WORK REQUEST ▸ Extract every record, exactly as written, and ignore the pictures.

DATASET EXCERPTS ▸
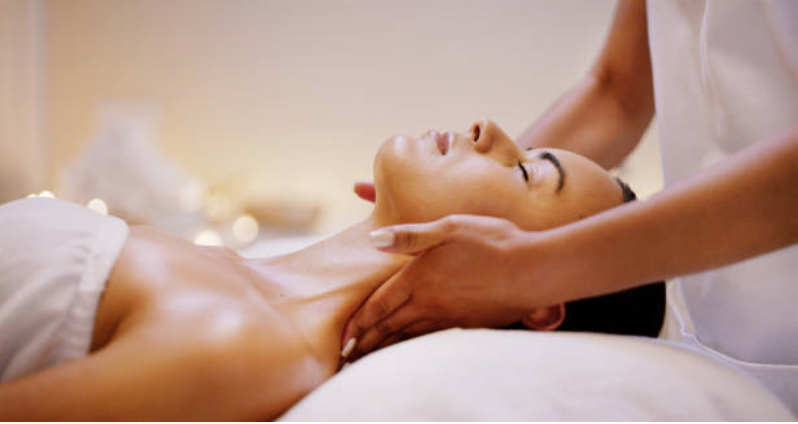Massage drainant jeunesse du visage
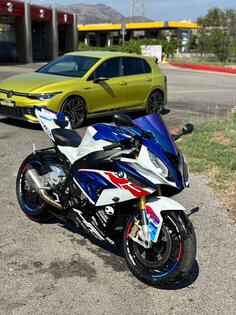 BMW - S1000RR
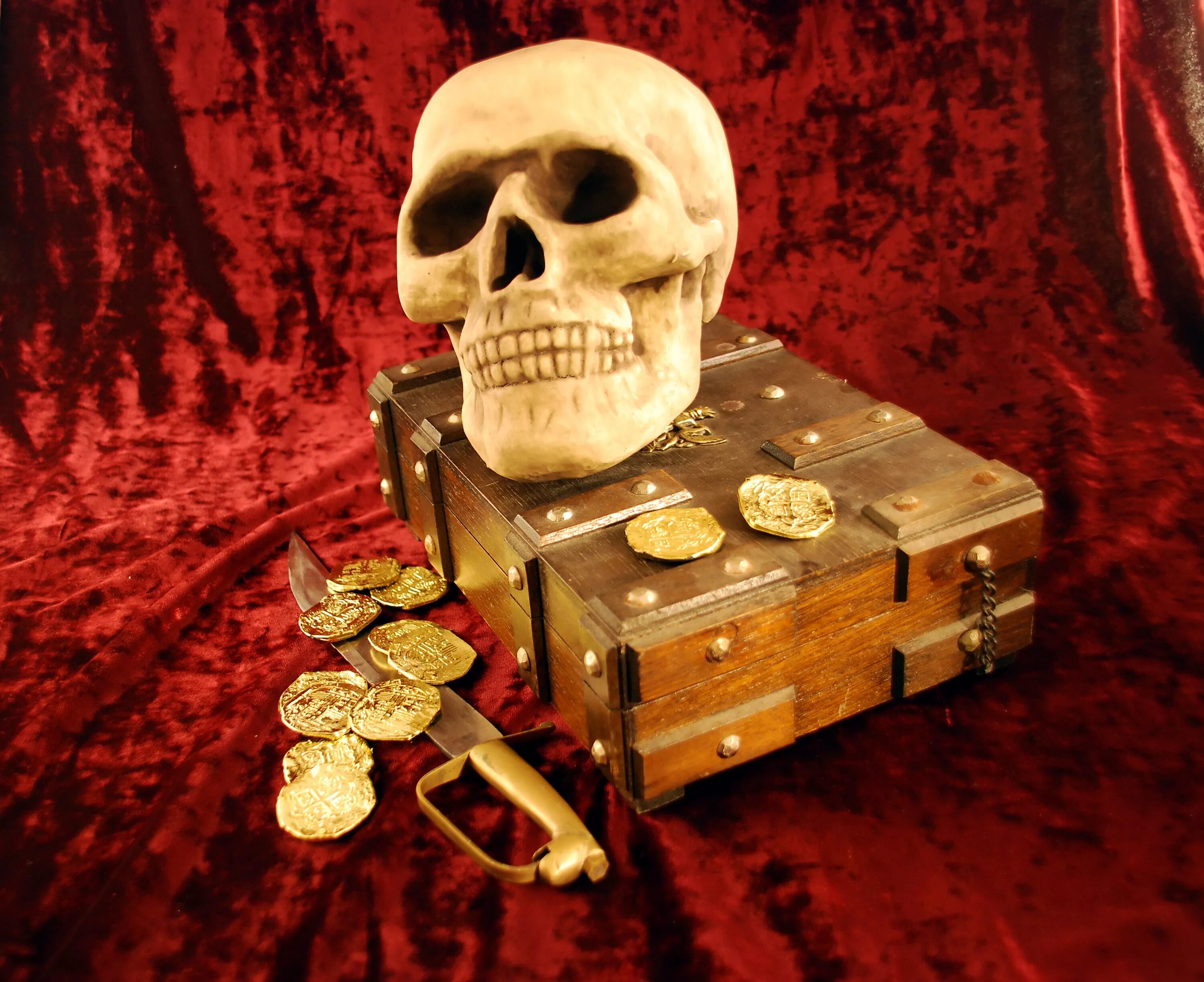 Где зарыт клад пиратов. Пиратский клад. Пиратское золото. Пиратские сокровища. Пиратские клады и сокровища.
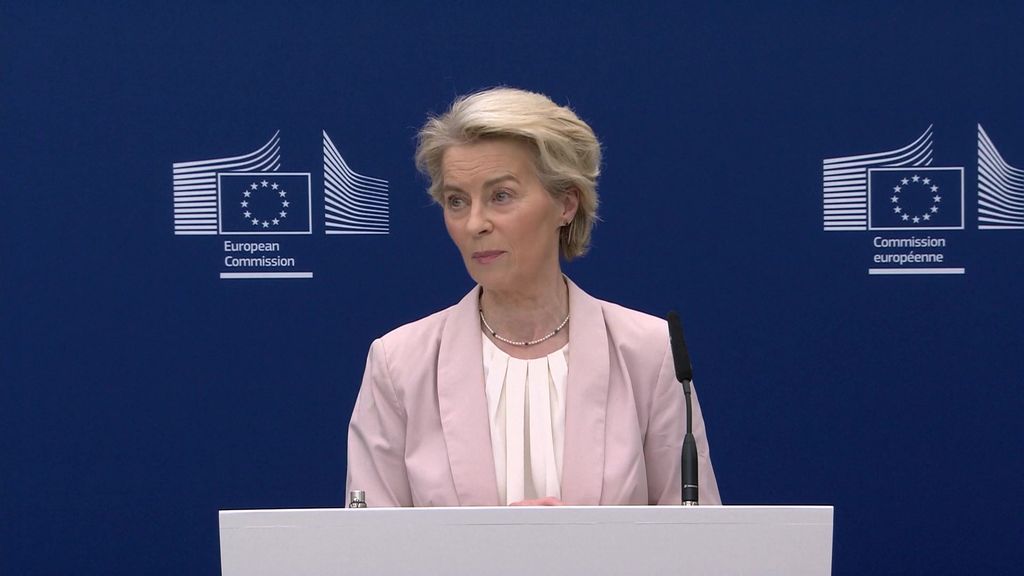 Ue, von der Leyen: i dazi Usa “duro colpo”, “pronti a reagire” ma non è tardi per negoziare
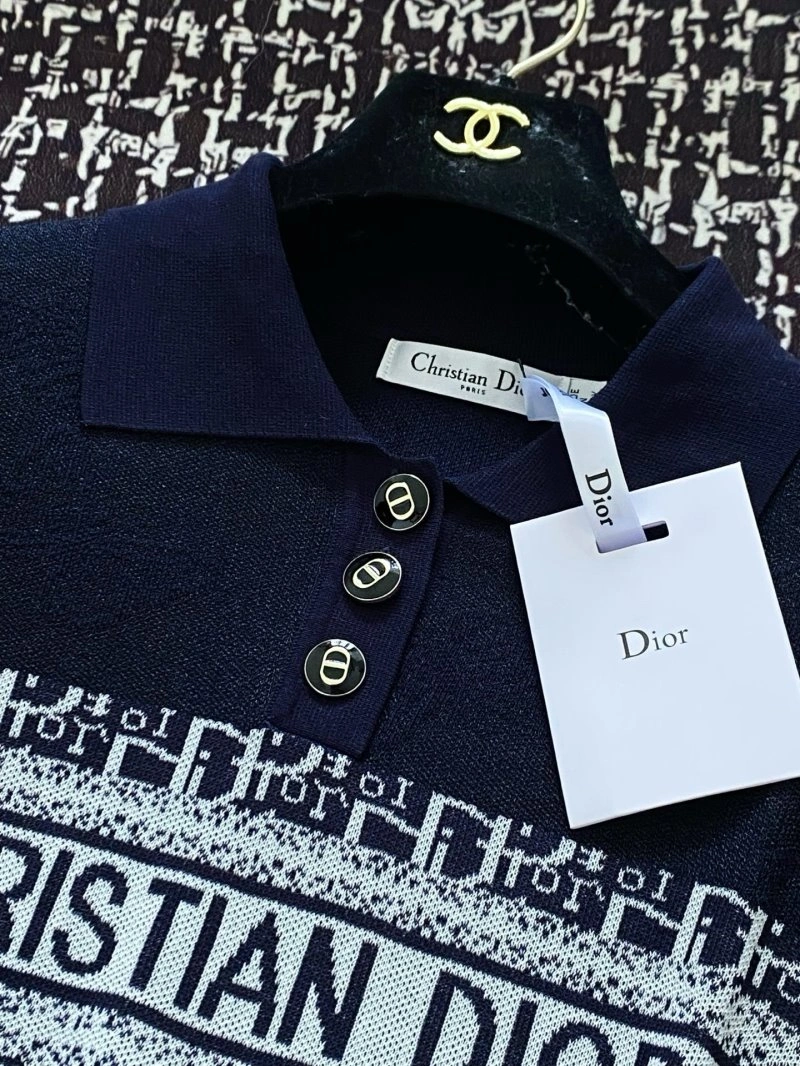 Sophisticated Unclassified Brand T-Shirts 147138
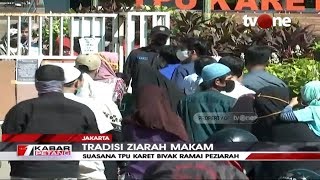 Hari Pertama Lebaran, TPU Karet Bivak Ramai Peziarah | tvOne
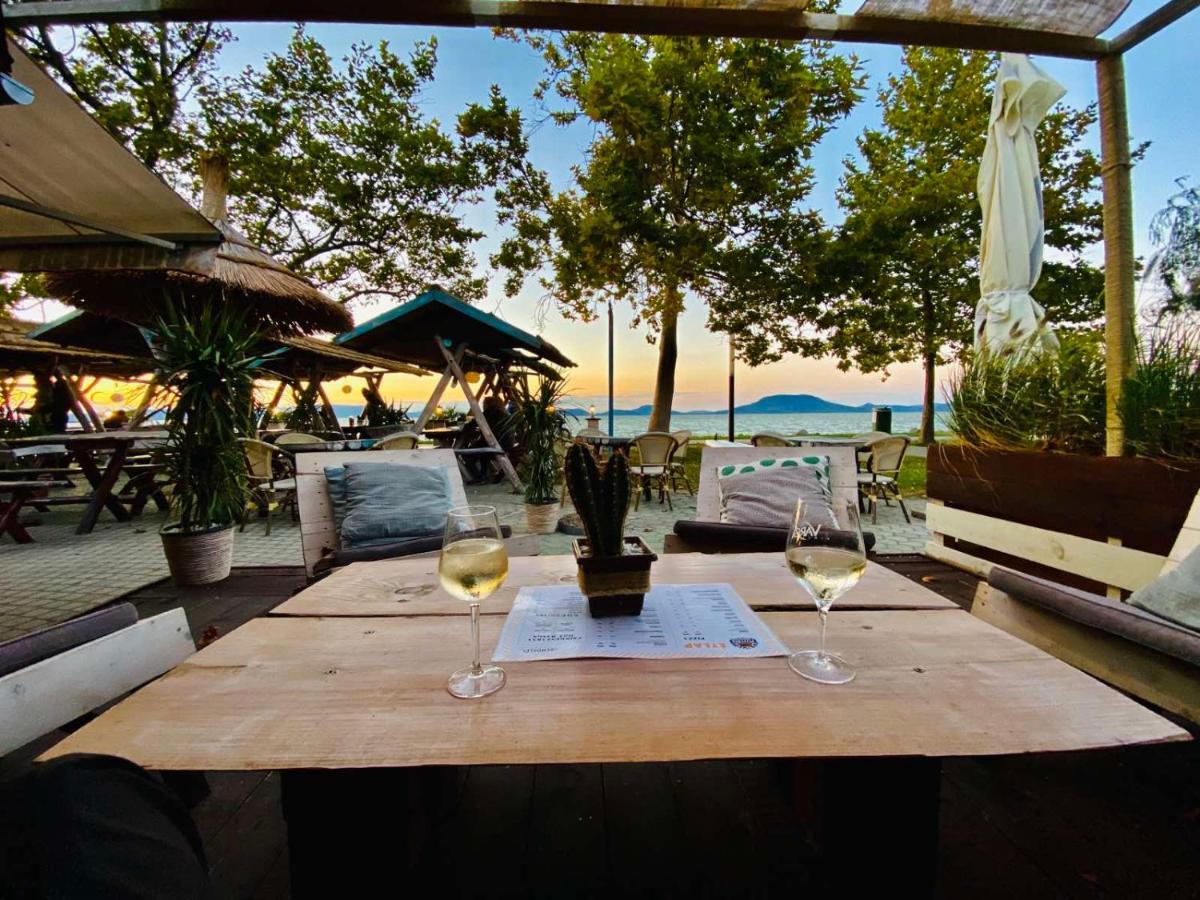 Munkacsy Apartmanok Balatonfenyves Εξωτερικό φωτογραφία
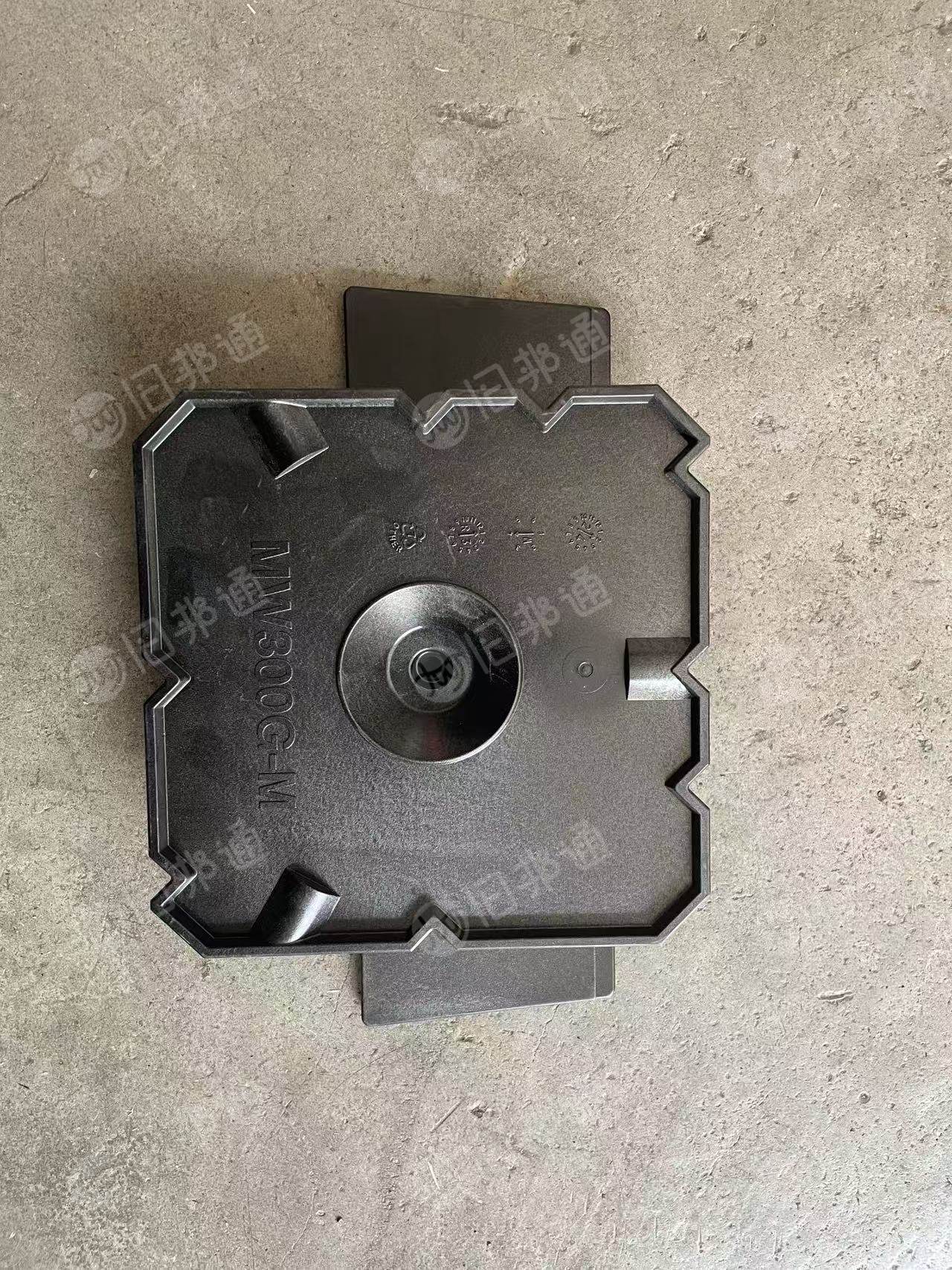 求购PC料，毛料和破碎都可以，晶元盒下来的，加纤的，造粒用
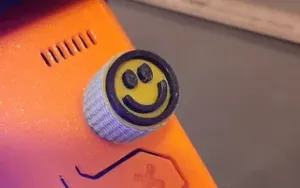 Smiley Face knurled potentiometer knob, 6mm ID, printer knob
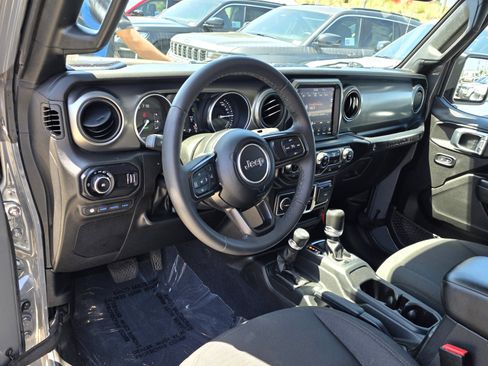 Certified 2023 Jeep Wrangler Unlimited w/ 8.4" Radio Group AWD/4WD image 10
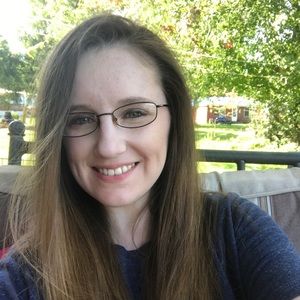 Meet your Posher, Rebecca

OUTPUT ▸
Massage drainant jeunesse du visage
 BMW - S1000RR
 Где зарыт клад пиратов. Пиратский клад. Пиратское золото. Пиратские сокровища. Пиратские клады и сокровища.
 Ue, von der Leyen: i dazi Usa “duro colpo”, “pronti a reagire” ma non è tardi per negoziare
 Sophisticated Unclassified Brand T-Shirts 147138
 Hari Pertama Lebaran, TPU Karet Bivak Ramai Peziarah | tvOne
 Munkacsy Apartmanok Balatonfenyves Εξωτερικό φωτογραφία
 求购PC料，毛料和破碎都可以，晶元盒下来的，加纤的，造粒用
 Smiley Face knurled potentiometer knob, 6mm ID, printer knob
 Certified 2023 Jeep Wrangler Unlimited w/ 8.4" Radio Group AWD/4WD image 10
 Meet your Posher, Rebecca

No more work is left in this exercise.